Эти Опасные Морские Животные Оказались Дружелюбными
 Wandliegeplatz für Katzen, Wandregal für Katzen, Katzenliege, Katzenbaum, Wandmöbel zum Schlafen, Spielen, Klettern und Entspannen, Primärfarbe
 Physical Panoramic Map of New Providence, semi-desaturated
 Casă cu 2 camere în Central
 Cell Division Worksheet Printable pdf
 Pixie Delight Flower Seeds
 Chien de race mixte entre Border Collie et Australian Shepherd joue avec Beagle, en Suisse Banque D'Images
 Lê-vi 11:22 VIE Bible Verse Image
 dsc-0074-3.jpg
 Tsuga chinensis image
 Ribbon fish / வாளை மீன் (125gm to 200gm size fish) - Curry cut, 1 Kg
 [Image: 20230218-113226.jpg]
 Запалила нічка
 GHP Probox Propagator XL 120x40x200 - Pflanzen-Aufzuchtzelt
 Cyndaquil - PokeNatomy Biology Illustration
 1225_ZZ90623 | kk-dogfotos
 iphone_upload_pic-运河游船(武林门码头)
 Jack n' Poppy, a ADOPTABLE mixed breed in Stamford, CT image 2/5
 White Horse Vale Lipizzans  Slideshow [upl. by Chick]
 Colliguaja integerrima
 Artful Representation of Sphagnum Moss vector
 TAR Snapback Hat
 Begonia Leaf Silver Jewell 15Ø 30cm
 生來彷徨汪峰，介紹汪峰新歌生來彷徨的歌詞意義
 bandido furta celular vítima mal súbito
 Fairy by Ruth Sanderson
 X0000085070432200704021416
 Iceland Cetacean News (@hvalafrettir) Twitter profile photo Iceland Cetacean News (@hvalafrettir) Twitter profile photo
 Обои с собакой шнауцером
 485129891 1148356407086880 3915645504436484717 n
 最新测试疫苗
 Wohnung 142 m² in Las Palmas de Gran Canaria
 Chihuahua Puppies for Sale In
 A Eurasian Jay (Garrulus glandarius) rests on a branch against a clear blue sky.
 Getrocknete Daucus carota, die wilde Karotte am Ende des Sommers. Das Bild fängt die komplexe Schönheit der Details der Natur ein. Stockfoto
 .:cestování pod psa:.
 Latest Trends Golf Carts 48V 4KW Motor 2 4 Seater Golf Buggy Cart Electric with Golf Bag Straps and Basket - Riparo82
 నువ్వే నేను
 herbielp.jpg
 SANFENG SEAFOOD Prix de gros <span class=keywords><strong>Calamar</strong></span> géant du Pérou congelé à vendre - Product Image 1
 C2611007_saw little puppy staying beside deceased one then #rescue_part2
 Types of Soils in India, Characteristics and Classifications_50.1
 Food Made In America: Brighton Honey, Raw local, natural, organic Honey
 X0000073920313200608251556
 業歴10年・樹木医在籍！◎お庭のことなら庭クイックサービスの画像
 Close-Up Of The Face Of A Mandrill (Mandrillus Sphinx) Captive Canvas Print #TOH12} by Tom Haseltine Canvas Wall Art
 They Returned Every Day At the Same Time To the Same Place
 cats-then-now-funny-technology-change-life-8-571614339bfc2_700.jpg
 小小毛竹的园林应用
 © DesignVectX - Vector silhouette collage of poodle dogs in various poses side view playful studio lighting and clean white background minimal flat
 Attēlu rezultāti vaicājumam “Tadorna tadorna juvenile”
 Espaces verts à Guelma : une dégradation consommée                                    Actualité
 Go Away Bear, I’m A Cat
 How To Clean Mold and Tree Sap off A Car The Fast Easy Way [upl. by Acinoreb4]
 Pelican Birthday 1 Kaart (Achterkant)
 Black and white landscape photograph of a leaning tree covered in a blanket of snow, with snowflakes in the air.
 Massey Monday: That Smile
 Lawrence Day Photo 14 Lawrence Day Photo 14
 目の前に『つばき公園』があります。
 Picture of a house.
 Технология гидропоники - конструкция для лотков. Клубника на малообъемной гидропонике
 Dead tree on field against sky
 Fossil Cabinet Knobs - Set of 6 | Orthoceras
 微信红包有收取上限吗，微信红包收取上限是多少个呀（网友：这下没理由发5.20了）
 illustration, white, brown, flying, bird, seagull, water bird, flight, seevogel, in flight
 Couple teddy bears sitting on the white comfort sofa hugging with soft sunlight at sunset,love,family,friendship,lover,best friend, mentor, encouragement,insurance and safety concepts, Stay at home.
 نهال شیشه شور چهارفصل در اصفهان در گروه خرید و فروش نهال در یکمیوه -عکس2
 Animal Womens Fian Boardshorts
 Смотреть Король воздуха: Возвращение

Assignment
Begin at the line that has "Запалила нічка" in the entries above; stop after the line that has "Jack n' Poppy, a". Transcribe exactly those lines and no others.

Task response
 Запалила нічка
 GHP Probox Propagator XL 120x40x200 - Pflanzen-Aufzuchtzelt
 Cyndaquil - PokeNatomy Biology Illustration
 1225_ZZ90623 | kk-dogfotos
 iphone_upload_pic-运河游船(武林门码头)
 Jack n' Poppy, a ADOPTABLE mixed breed in Stamford, CT image 2/5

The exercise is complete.